The date was March 11, 2009. Banks had collapsed across the world: in the United States, Britain, Germany, France, The Netherlands and elsewhere. But not in Spain.
In fact, at this point Spain was still boasting about a formula that was going to spare it from the great global debacle: its counter-cyclical provisions, or money set aside by the lenders that went beyond required capital buffers, with a view to covering spikes in nonperforming assets during bad times.
And yet, at a meeting of the International Monetary Fund’s executive board held that day to analyze the evolution of the Spanish economy (known as Article IV), what emerged was a picture of alarm due to Spanish lenders’ overexposure to real estate at the time of the property bust.
Just 18 days after this meeting, the Bank of Spain stepped in to bail out the regional savings bank Caja Castilla-La Mancha (CCM). It was the beginning of a process of mergers and nationalizations that would reduce the 45 savings banks operating in 2009 down to the current 15.

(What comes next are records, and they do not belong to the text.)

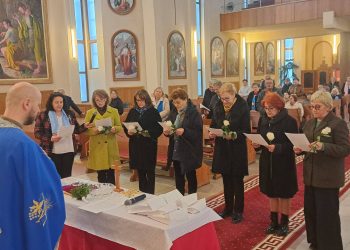 Șase noi membre în Reuniunea Mariană, de sărbătoarea Bunei Vestiri 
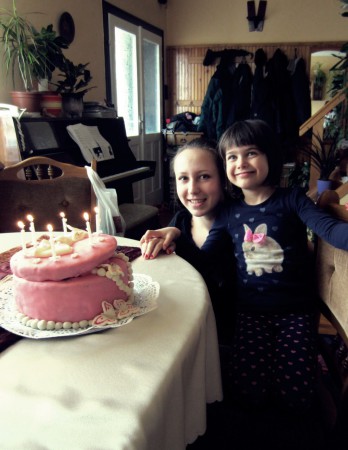 Lili 6 éves lett:) Fénykép velem, a torta készítőjével:)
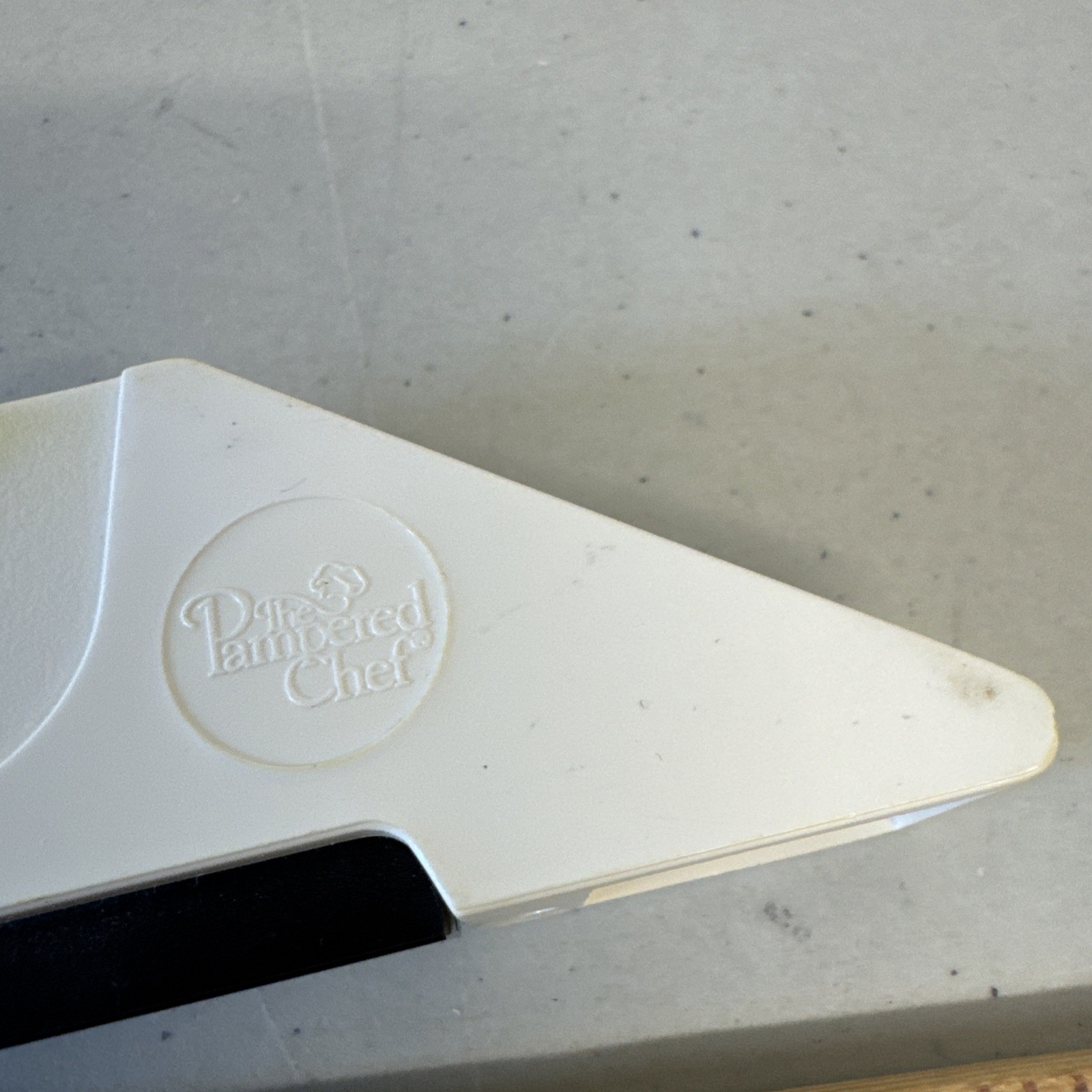 The Pampered Chef Self Sharpening Case Knife Storage 7 Inch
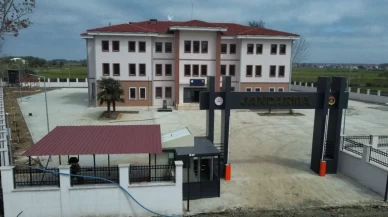 Cankurtaranlara saldırınca jandarma havaya ateş açtı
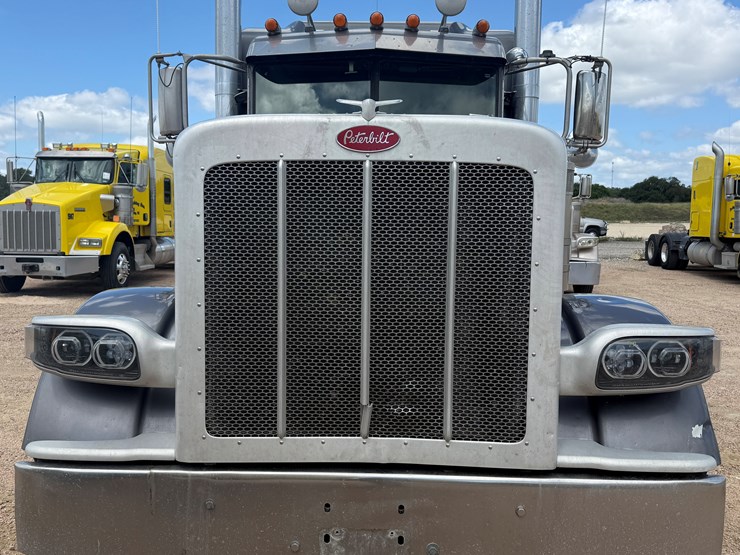 2014-peterbilt-389-image-2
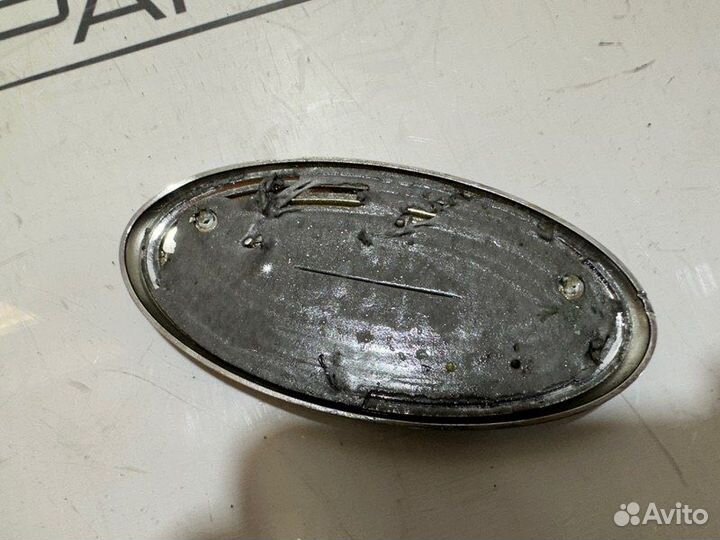 Эмблема решетки радиатора Kia Ceed JD D4FB 2013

The chief economist for Spain recommended that the government keep “dry gunpowder” in storage
At that meeting of the IMF board, Ramón Guzmán, executive director for Spain, asked the mission analysts not to focus just on the system’s weaknesses but instead to concentrate on asking for structural reforms; he also complained about the toughness of the stress tests the banking sector was subjected to, according to the declassified minutes of that encounter.

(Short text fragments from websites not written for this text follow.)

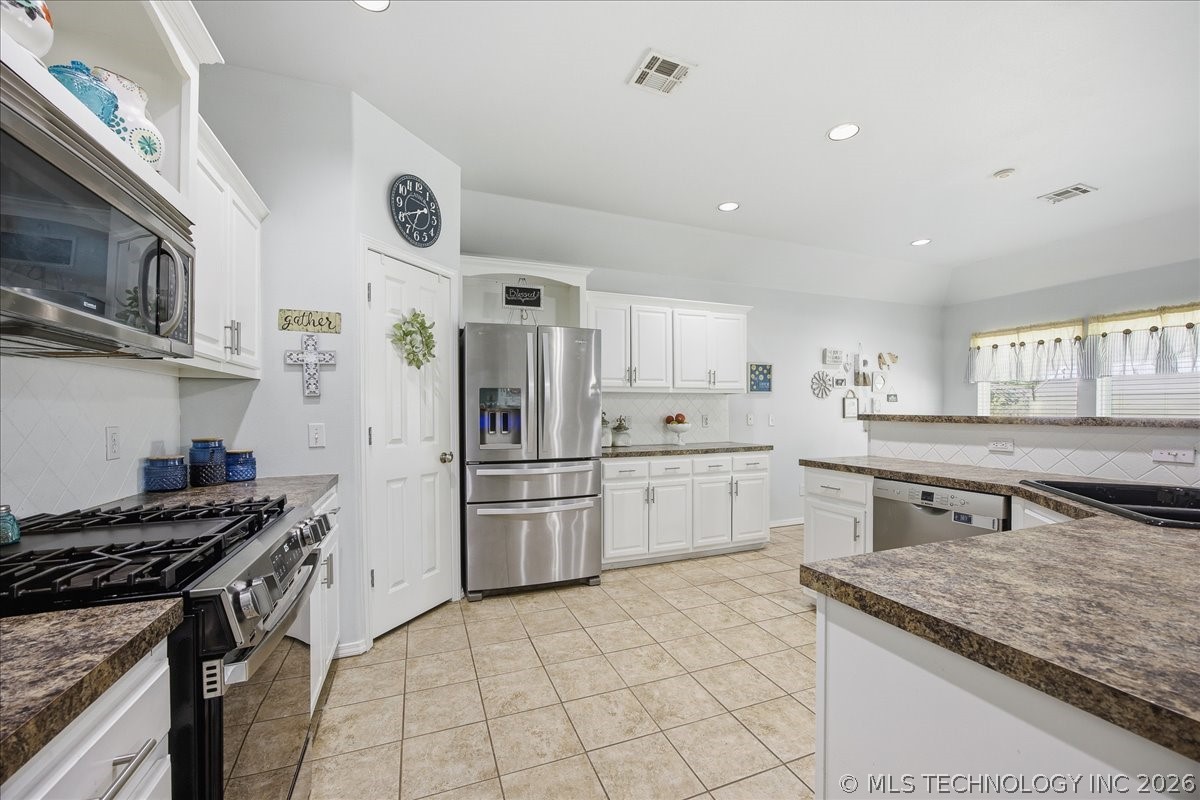 4930 S 202nd East Avenue Broken Arrow OK 74014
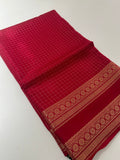 Banarasi crêpe sarees with contrast blouse piece🌹 comes in rich border and small Checks -AU6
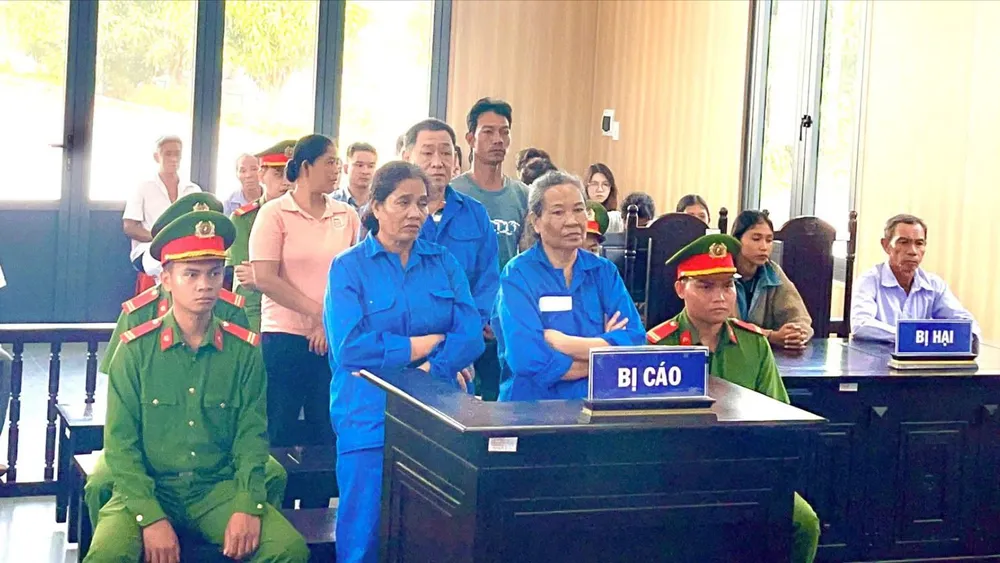 Các bị cáo tại phiên toà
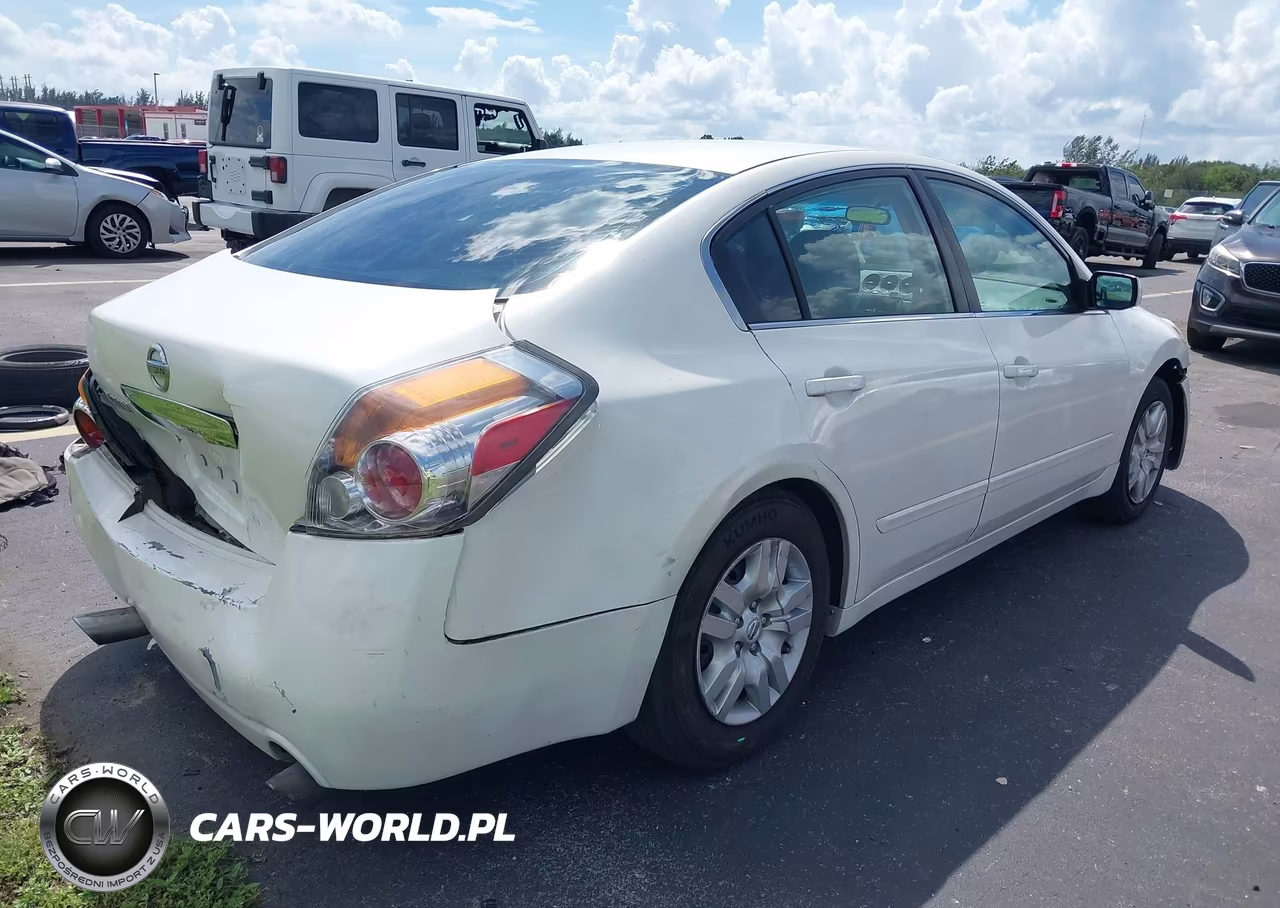 2012 Nissan Altima 2.5 VIN:1N4AL2AP4CC241393 - 4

“We have two concerns about the communication policy for these stress tests,” began Guzmán, who went on to say that he was awaiting instructions from his superiors regarding the publication of the results, “given their sensitive nature and their implications for extreme market volatility at this stage.

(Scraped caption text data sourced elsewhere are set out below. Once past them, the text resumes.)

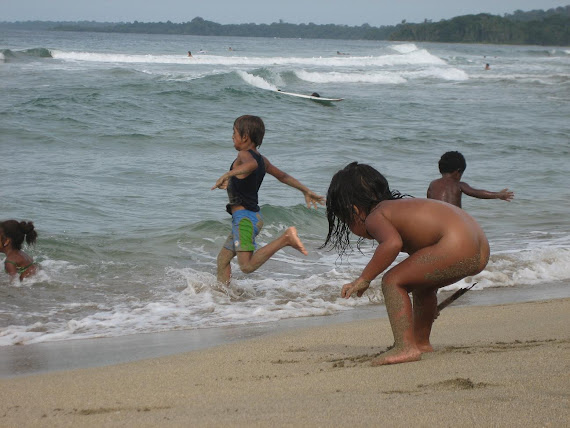 Niños caribeños en Puerto Viejo, Costa Rica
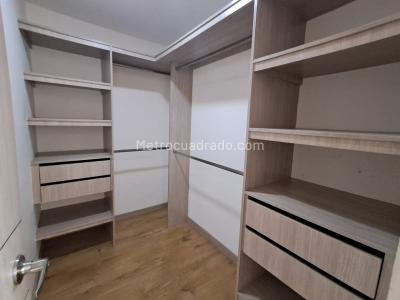 Apartamento de 2 alcobas en venta en San Jose Parte Baja, Sabaneta, 98 m² · foto 17 de 20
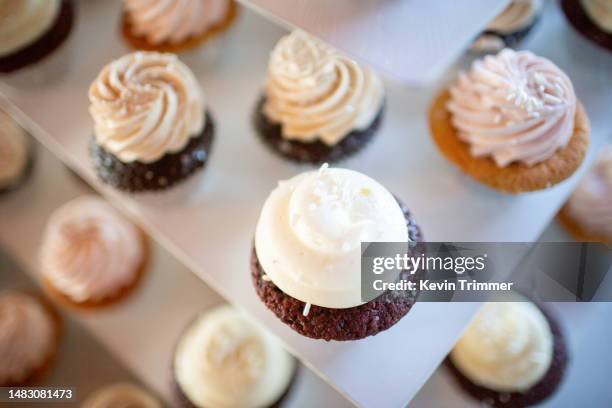 close-up to cupcakes - banana cream cake stock pictures, royalty-free photos & images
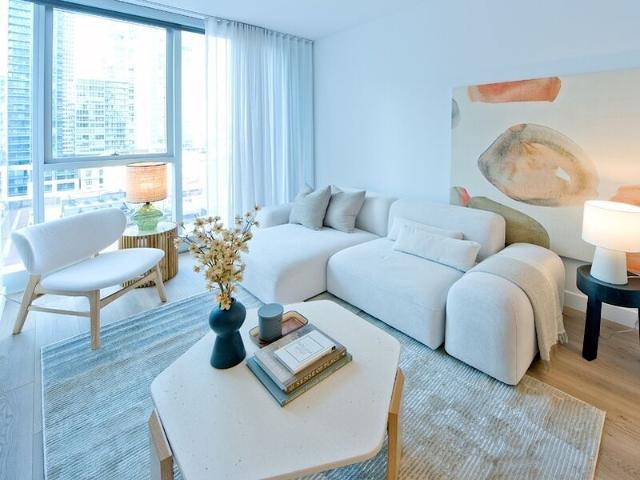 1 Square Phillips | Condos for rent in downtown Montréal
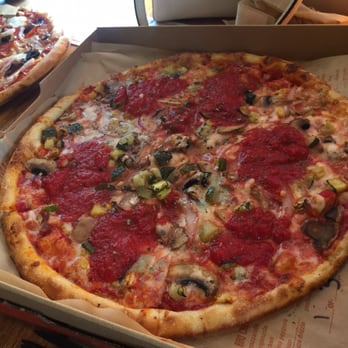 Blaze Pizza - Veg pizza - Salad Near Me - Jacksonville, Florida Blaze Pizza - Veg pizza - Salad Near Me - Jacksonville, Florida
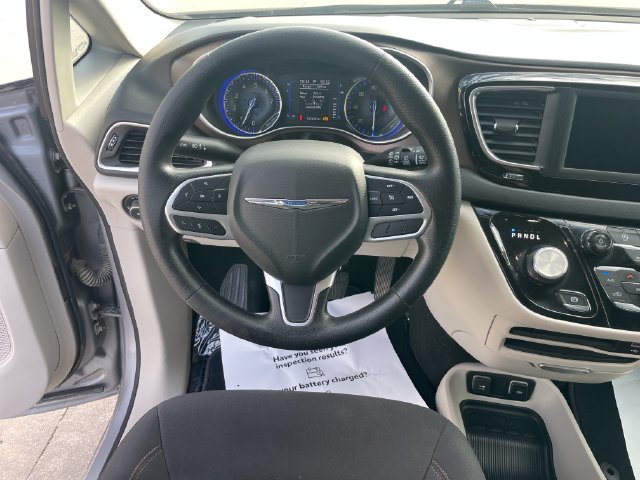 Used 2019 Chrysler Pacifica Touring Plus w/ Tire & Wheel Group FWD image 23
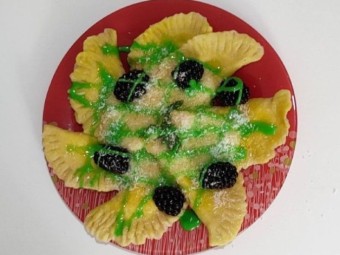 Нежные и сладкие равиоли с пикантным соусом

“I hope the Board will understand this common sense of prudence,” he added.
After calling the stress tests “extreme,” “unrealistic” and based on “technically debatable assumptions,” Guzmán continued: “More importantly, technicians have been balanced in their conclusion presentations and directors have been balanced in their written statements, but less well-informed people and the press could interpret the IMF’s advice to the [Spanish] authorities as though the IMF were solely focusing on the importance of maintaining that reserve ammunition for capital injections to the banks.”
The trouble with the banks is, they don’t trust one another but they also don’t trust themselves”
Guzmán went on to say that Spain viewed the other advice regarding structural reforms as more valuable.
The chief economist for Spain, Bob Traa, had recommended that Spain keep “dry gunpowder” in store to deal with possible requests for further public aid to banks, even if at that point it did not seem necessary.
Meanwhile, the representative of the European Central Bank, Georges Pineau, said that Spanish authorities deserved “credit” for their work so far but warned that there could be trouble up ahead, given that 60 percent of the banks’ loans were tied up in the real estate market. “Uncertainty surrounds the savings banks because their exposure to the sector is considerable,” he said.
The report that ultimately came out did not insist on the banking system’s weaknesses, but it retained the warnings about capital reserves; the board furthermore warned about the vulnerability of the savings banks.
By October, the Spanish government had announced extraordinary measures to deal with lenders’ liquidity problems because of restricted access to credit and growing bad loan rates.
Five months before the IMF meeting, in October 2008, Spain had created a €50 billion fund to shore up the sector, and raised personal deposit guarantees to €100,000. Loan default rates had been close to five percent that summer, the highest level in 13 years. “The trouble with the banks is that they don’t trust one another, but they also don’t trust themselves,” said Bank of Spain governor Miguel Ángel Fernández Ordóñez at the time.
That budget would eventually become the Orderly Bank Restructuring Fund (FROB), which started out with €9 billion but has the theoretical capability to hand out as much as €100 billion.
The year 2009 saw the beginning of the crisis in the Spanish banking sector, for which the government ultimately did not have the necessary capital reserves. Three years later, Madrid was forced to ask its European colleagues for a bailout to help out its struggling lenders.